John Hegley

The performance poet proves to be a most charming man at the Out To Lunch Festival

The first week of the Out to Lunch Festival always manages to blast the post-holiday blues away with a welcome quota of big belly laughs, and John Hegley contributes with alacrity.

Though described as a poet, Hegley is more than that. He is like the best teacher you never had. Indeed, at one point he quips, with self-deprecating humour, that his show is for those with 'teaching difficulties'. It’s clear that his educational work, which he talks about briefly, provides great inspiration.

Hegley's performance is poignant, whimsical and downright silly. By his own admission this show is still a work in progress, not that it matters much. The quality of his reading, and singing, carries the material.

Hegley's style of reciting, with exaggerated elocution and diction, is distinctive and endearing. The lyricism of his intelligent and wry poetry is well suited to his use of an electric mandolin, which he plays throughout the two halves of the gig.

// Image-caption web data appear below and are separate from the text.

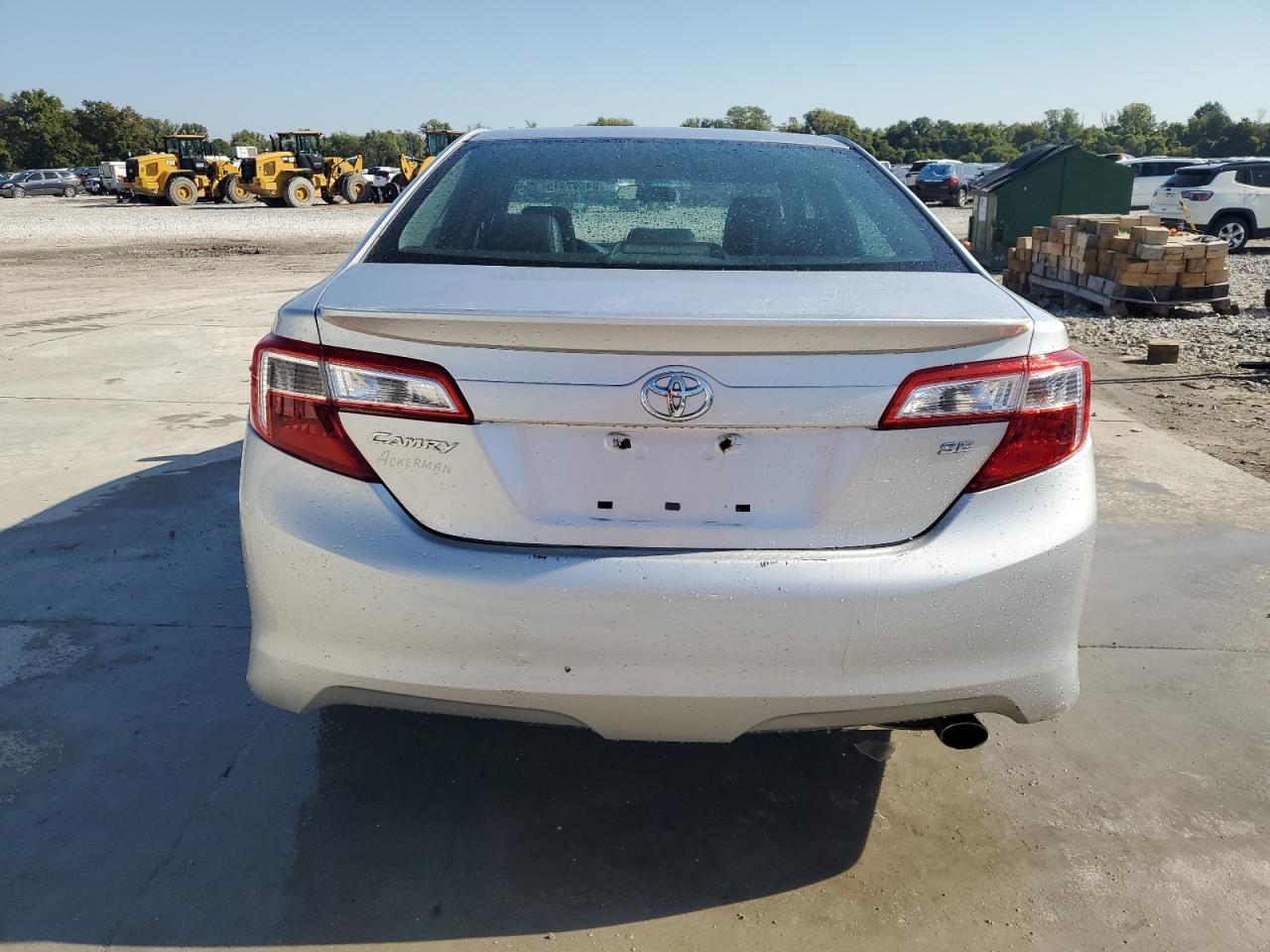 2013 TOYOTA CAMRY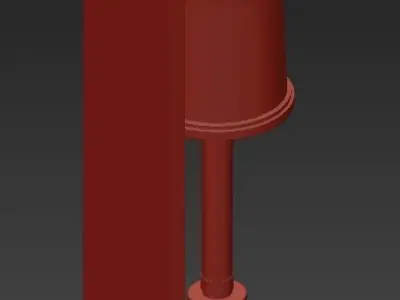 Hudson Valley Lighting Collins 3D model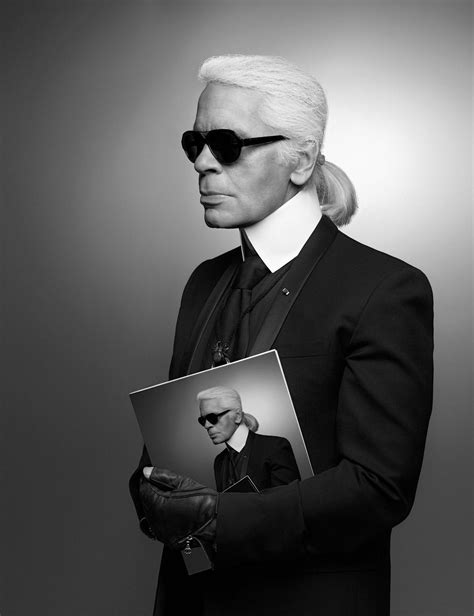 Karl Lagerfeld inspiration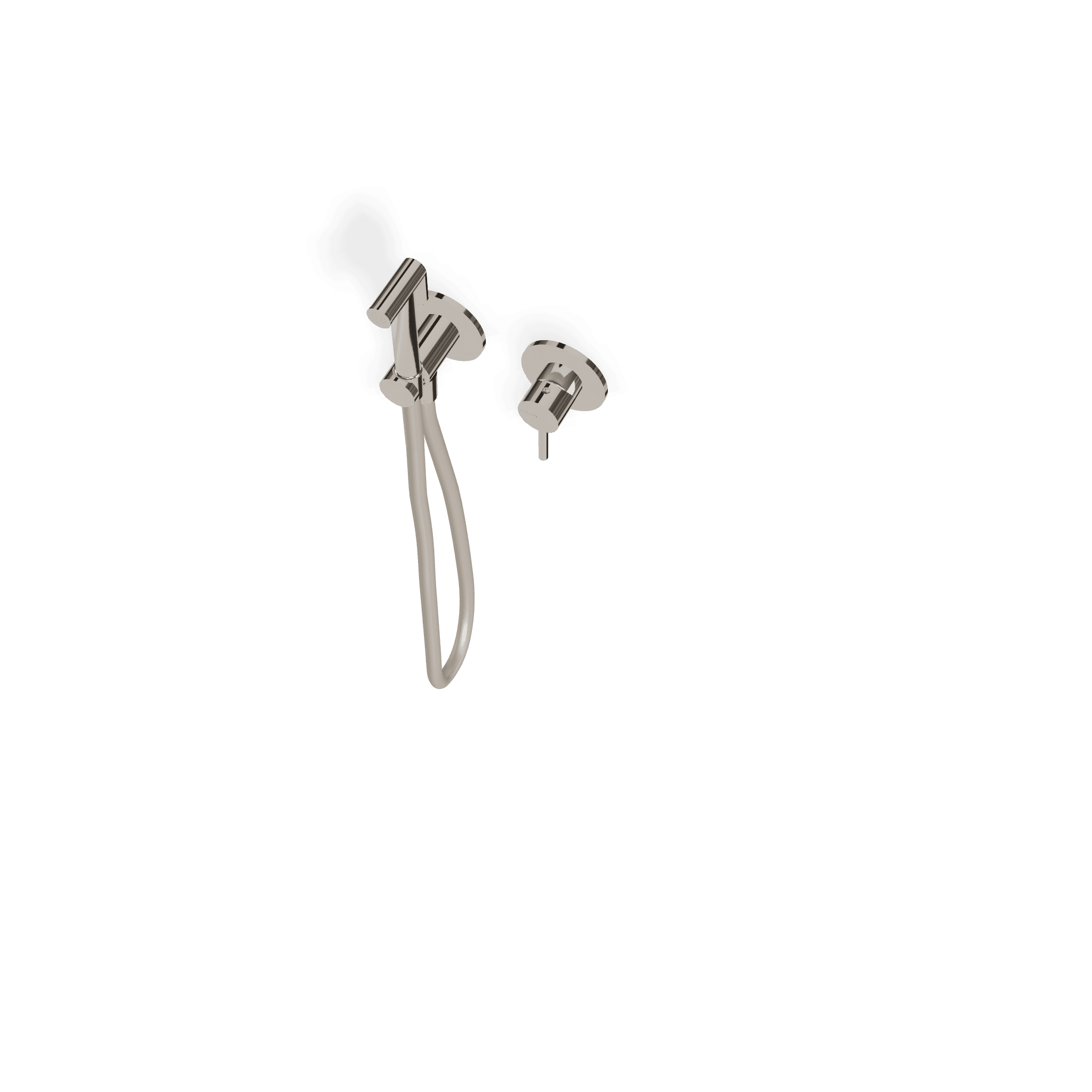 Внешняя часть смесителя с гигиеническим душем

Like the consumate comedian, Hegley interacts with his audience to great effect. Calling for a French speaker, an audience member volunteers to translate a poem, with hilarious results. Later, the same individual is called on stage to read simultaneously with Hegley. At one point, Hegley even divides the room into three sections to harmonise choruses whilst he strums his mandolin.

A sense of fun and participation are obviously essential aspects of Hegley's performance. He's not averse to a little drama, however.

As he reads of his French paternal grandmother and her half remembered letters, he takes time to pause and gauge audience reaction, which further endears him to the crowd. It is an unusual but heartfelt way of performing and it’s obvious that Hegley thrives on the interaction.

It is perhaps apt then, at the end of the gig, that Hegley asks for his favourite post-Christmas song to be played: the Smiths' 'This Charming Man'. The effect is like that of a much-loved chant at a home football ground. I couldn’t disagree and judging by the smiles all around, nor does everyone else.